Friday, April 3, 2009

Understanding the First Time Homebuyer Tax Credit.



The first-time homebuyer credit is similar to a 15-year interest-free loan. It is repaid in 15 equal annual installments beginning with the second tax year after the year the credit is claimed. You may need to adjust your withholding or make quarterly estimated tax payments to ensure you are not under-withheld.

Some exceptions apply to the repayment rule:

-If you die, any remaining annual installments are not due. If you filed a joint return and then you die, your surviving spouse would be required to repay his or her half of the remaining repayment amount.
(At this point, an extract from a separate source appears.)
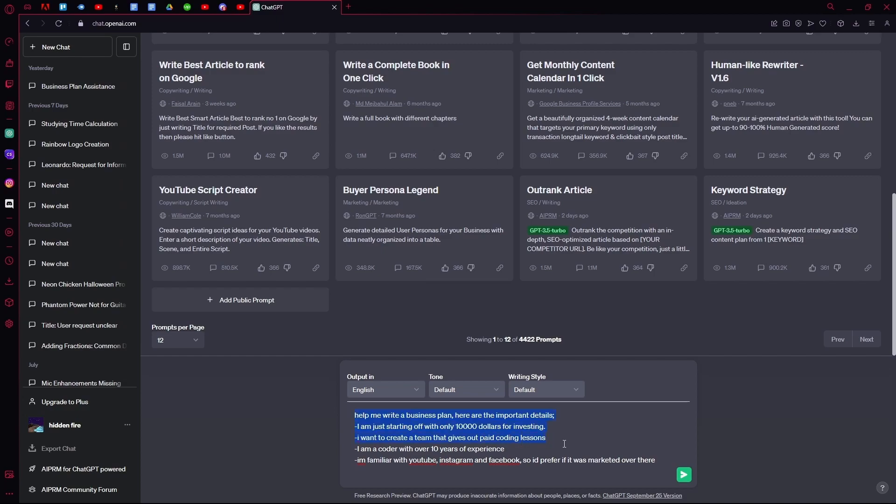And now you just have your basic prompt. Keep in mind, you can edit this up to your needs. For example, you can add more details to it, you can add less details to it. But the more important details you have, the better it is.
-If you stop using the home as your main home, all remaining annual installments become due on the return for the year that happens. This includes situations where the main home becomes a vacation home or is converted to business or rental property. There are special rules for involuntary conversions. Taxpayers are urged to consult a professional to determine the tax consequences of an involuntary conversion.

-If you sell your home, all remaining annual installments become due on the return for the year of sale. The repayment is limited to the amount of gain on the sale, if the home is sold to an unrelated taxpayer. If there is no gain or if there is a loss on the sale, the remaining annual installments may be reduced or even eliminated. Taxpayers are urged to consult a professional to determine the tax consequences of a sale.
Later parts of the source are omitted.